Furthermore, our APIs are Properly modeled using the RAML specification. This widely used specification is robust and comes with a rich ecosystem of supporting commercial and open source products. Our RAML definition is publicly documented on GitHub at https://github.com/commercetools/commercetools-api-reference.
API Only
Next, the functionality in our platform is 100% accessible over APIs. From core product functionality, to imports/exports, to configuration, to system integration, we have 100% API coverage. Absolutely no functionality is available through other means and there's no access to our underlying datastore or search engine.
By definition, a commerce platform built pre-API cannot have 100% API coverage. Not all functionality can be retroactively exposed as an API. With traditional commerce platforms, it's unfortunately too common to have to write a configuration file to a file system, directly access a database, or expose functionality through "hacks" like changing a JSP's response type to JSON because of the embedded business logic.
With an API first and API only approach, there's no need to do complex transformations, build facades, etc. All of the functionality is directly exposed to the consumer.
Finally, our API only approach allows us to have extremely granular authentication and authorization through the use of OAuth scopes. Most applications have authentication only and it's at the perimeter. If you authenticate once, you can access all of the functionality contained within the application. Even if there is more granular API-level authentication, it's not very strong because the application that underlies all of the APIs is all still accessible if there's a security vulnerability or bug. We've designed extremely granular API-level authentication and authorization, which allows administrators to give developers fine-grained access.
Microservice-backed
Next, our APIs are backed by microservices. Microservices are pieces of business functionality that are independently developed, deployed, and managed by a small team of people from different disciplines.
Characteristics of microservices include:
- Single purpose: Do one thing and do it well
- Encapsulation: Each microservice owns its own data. Interaction with the world is through well-defined APIs (often, but not always, HTTP REST)

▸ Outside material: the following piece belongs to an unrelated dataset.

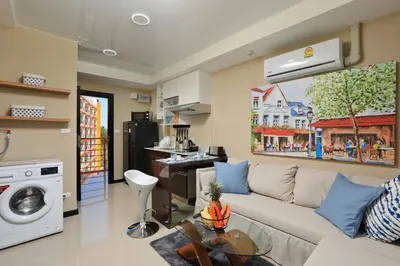 a living room with a couch and a table at Mai Khao Beach Condo by Capital Pro in Mai Khao Beach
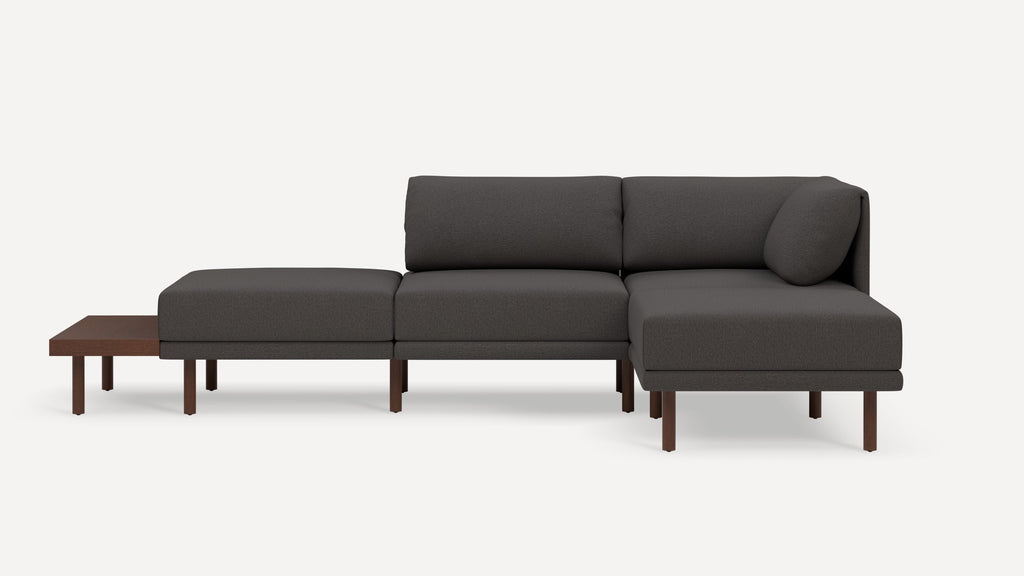 Modern dark gray sectional sofa with wooden legs and an attached low wooden side table on one end.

- Ownership: A single team of 2 to 15 (7, plus or minus 2, is the standard) people develop, deploy, and manage a single microservice through its life cycle
- Autonomy: Each team is able to build and deploy its own microservice at any time for any reason, without having to coordinate with anyone else. Each team also has a lot of freedom in making its own implementation decisions
The advantage of a microservices-based architecture is that the APIs are more easily able to be consumed independently. The shopping cart microservice team, for example, needs to expose an API that can be called by anybody or anything, internally or externally. An API retroactively bolted on top of a monolithic application is inherently less callable because you're consuming a small piece of something much larger. There are always going to be dependencies. To call a shopping cart, for example, you may have to call inventory, pricing, and tax as you retrieve your shopping cart. But a shopping cart developed as a standalone microservice already has those dependencies included.
Because we use microservices, each individual microservice can be deployed, evolved, and scaled independently. With a traditional monolithic application, you have to deploy, evolve and scale the entire application as one indivisible unit. If our pricing API needs a new feature, it can be quickly implemented and released, often in just a few hours or days.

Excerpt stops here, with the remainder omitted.